• [EXERCISE]
Go through the data line by line. Copy each one holding the string "Women".

▶

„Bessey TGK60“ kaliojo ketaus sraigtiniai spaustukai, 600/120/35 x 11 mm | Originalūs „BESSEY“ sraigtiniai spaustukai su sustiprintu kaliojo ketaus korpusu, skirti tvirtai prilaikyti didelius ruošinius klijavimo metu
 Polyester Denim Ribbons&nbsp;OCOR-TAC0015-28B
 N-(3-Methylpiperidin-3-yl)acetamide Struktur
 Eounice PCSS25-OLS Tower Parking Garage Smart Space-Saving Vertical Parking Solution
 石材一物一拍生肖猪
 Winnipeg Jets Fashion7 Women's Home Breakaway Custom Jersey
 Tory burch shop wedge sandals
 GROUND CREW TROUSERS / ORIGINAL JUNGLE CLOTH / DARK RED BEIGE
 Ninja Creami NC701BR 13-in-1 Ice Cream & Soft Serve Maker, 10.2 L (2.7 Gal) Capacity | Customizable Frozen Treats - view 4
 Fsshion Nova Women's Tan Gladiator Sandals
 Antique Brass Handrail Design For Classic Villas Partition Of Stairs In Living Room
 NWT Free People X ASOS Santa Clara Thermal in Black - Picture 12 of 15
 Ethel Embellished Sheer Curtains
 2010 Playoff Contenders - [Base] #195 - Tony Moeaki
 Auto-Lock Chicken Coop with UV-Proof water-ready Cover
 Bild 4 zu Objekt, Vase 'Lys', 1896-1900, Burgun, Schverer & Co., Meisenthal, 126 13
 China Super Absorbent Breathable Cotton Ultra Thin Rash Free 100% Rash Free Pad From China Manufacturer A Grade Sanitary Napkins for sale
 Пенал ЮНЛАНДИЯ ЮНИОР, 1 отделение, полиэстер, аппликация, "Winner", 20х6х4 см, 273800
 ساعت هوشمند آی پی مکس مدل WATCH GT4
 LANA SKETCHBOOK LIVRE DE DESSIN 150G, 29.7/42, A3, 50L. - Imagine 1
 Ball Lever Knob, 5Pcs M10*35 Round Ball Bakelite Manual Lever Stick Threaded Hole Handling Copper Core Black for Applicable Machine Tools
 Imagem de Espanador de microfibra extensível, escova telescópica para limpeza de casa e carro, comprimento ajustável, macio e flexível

◀

• [TASK ANSWER]
 Winnipeg Jets Fashion7 Women's Home Breakaway Custom Jersey
 Fsshion Nova Women's Tan Gladiator Sandals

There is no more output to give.